Durability of Alkali activated concrete made using multiple precursors as primary binders

Alkali-activated binders (AABs) have been and continue to be extensively explored as an alternative to ordinary Portland cement (OPC), addressing environmental and sustainability issues. A large number of studies that were conducted earlier focused mainly on the mechanical properties and some durability aspects of industrial waste-based AABs. However, chloride migration and diffusion causing reinforcement corrosion in AAB-based concrete (AAC) have not been thoroughly investigated. The present study focuses on the durability of AAC produced using multiple precursors that included industrial waste materials and natural minerals such as limestone powder (LSP), red mud (RM), silicomanganese fume (SMF), and natural pozzolan (NP) activated by alkali. Firstly, the dosages of all four precursors were optimized through trials and then NP was partially replaced by 10, 20 and 30% OPC to enhance the performance of the AABs.

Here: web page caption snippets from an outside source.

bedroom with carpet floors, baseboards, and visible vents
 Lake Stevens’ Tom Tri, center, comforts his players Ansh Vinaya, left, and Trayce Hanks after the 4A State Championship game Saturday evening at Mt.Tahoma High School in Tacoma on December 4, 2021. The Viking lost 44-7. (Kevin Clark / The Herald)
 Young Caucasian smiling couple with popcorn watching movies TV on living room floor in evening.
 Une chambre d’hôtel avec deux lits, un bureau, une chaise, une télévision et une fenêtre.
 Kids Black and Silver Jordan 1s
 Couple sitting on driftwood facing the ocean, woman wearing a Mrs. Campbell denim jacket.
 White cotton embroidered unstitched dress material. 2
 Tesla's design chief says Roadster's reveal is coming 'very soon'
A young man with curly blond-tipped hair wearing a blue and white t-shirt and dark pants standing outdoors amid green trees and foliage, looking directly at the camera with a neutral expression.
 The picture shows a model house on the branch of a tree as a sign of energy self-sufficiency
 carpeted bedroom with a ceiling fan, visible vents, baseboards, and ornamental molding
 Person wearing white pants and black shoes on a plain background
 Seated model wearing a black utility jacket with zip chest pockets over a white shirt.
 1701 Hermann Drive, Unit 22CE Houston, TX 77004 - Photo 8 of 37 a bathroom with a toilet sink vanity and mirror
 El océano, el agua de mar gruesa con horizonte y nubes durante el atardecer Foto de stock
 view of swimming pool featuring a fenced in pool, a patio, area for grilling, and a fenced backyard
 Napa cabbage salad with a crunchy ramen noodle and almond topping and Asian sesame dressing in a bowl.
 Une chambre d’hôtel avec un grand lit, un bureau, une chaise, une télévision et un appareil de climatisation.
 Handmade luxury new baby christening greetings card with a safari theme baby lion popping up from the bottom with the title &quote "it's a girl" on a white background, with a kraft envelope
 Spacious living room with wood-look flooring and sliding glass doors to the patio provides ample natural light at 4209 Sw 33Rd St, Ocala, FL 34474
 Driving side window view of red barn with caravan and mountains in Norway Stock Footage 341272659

The AAC mixtures were prepared and cured under different conditions and tested for compressive strength and durability characteristics related to chloride permeability, chloride migration, chloride diffusion, and chloride-induced reinforcement corrosion to evaluate the performances of the mixtures. The results show that the composition of the AABs and curing regimes significantly influenced the performance of the AAC. The inclusion of the OPC resulted in a very significant enhancement of the strength and durability characteristics of the AAC. In addition, there is a sharp increase in the performance of the AAC mixtures when the OPC content of the precursor was increased from 10 to 20%, irrespective of the curing method. Therefore, an optimum dosage of the OPC in the precursor can be considered as 20%, allowing utilization of 80% waste materials and natural minerals as the precursor with much higher strength and durability characteristics than traditional OPC concrete, thus saving energy and reducing environmental pollution leading to a cleaner production of concrete. Lastly, electrochemically measured corrosion potential (Ecorr) and corrosion current density (Icorr) values for the reinforcing bars (rebars) embedded in AAC mixtures were found to be misleading, as confirmed by visual inspection of the extracted rebars in addition to gravimetric test results. Hence, there is a need for further research to develop corrective measures before the utilization of the electrochemical-reinforced corrosion monitoring methods in the case of AACs.